While the findings in the June report would not lead to Georgia’s votes in 2020 being overturned, it shows a “portrait of incompetence, mismanagement and bad election processes in Georgia’s largest voting center undercuts claims by state officials that the election went swimmingly,” according to Just the News.

Jones’ report identified a “massive chain of custody problem,” after learning that thousands of ballots were moved in between buildings, down a street, in rolling bins. “It is my understanding … that the ballots are supposed to be moved in numbered, sealed boxes to protect them,” Jones wrote.

He also highlighted one of the controversial decisions of the ballot counting — telling poll watchers in Fulton County that counting was finished for the day, while still counting votes.

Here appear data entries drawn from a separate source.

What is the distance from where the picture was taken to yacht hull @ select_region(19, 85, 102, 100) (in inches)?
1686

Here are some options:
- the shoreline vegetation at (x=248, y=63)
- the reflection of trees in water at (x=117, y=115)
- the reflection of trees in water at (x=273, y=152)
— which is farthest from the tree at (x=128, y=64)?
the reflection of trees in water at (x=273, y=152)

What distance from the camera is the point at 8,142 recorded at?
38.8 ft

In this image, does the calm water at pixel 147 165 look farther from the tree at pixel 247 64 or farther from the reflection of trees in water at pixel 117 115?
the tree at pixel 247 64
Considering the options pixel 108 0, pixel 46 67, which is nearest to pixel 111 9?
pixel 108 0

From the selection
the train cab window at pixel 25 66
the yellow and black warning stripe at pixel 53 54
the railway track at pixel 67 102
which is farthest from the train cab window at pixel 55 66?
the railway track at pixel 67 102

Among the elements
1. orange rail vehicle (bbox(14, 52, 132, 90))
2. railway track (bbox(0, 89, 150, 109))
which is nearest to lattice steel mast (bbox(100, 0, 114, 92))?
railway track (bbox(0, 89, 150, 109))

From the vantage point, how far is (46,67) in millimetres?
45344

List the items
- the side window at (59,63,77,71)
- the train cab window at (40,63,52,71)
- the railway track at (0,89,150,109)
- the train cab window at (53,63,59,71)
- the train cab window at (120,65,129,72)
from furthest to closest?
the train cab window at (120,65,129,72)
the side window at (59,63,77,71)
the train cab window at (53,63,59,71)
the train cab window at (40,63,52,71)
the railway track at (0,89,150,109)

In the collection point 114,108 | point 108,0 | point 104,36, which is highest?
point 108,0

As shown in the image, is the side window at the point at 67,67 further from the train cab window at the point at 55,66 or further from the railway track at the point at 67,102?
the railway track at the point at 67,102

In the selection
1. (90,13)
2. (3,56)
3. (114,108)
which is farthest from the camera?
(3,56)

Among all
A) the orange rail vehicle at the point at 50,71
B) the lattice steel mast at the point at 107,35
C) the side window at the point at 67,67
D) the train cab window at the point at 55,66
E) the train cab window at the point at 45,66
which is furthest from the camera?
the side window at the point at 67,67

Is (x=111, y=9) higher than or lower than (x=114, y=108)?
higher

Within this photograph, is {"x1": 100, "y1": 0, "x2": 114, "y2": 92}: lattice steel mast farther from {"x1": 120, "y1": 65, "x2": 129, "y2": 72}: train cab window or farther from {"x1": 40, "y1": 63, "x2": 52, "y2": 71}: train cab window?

Poll watchers represent political parties and are there to ensure oversight of ballot counting.

“There is confusion about whether or not they’re still scanning at State Farm bc there were reports that the staff there told the rest of the staff and press to leave, but I am still getting number reports from Shaye,” Jones wrote near midnight on election night in his report.

These issues were partially behind a new Georgia election integrity law signed by Republican Gov. Brian Kemp on March 25, 2021. The new legislation “gives the State Election Board new powers to intervene in county election offices and to remove and replace local election officials,” according to the Associated Press.

“Georgia’s State Election Board in August appointed a review panel to investigate Fulton County’s handling of elections after receiving requests from Republican lawmakers who represent the county,” CBS News reported.

Nearly a year after the 2020 presidential election, researchers continue to uncover anomalies and other problems with the casting and counting of ballots.

The Public Interest Legal Foundation identified nearly 15 million ballots from the 2020 election that were sent out to voters but for which there is no known status.

An audit of the election in Maricopa County, Arizona, completed on September 24, “flagged around 50,000 problematic votes, including 23,344 mail-in ballots cast from voters using a prior address,” according to LifeSiteNews.

“Another 5,295 votes came from people who potentially voted in multiple counties, while over 9,000 returned votes were not shown as having been sent out, according to the report,” LifeSiteNews reported. “Biden’s certified victory margin in Arizona was just 10,457 out of 3.3 million votes.”

The county has refuted the accusations.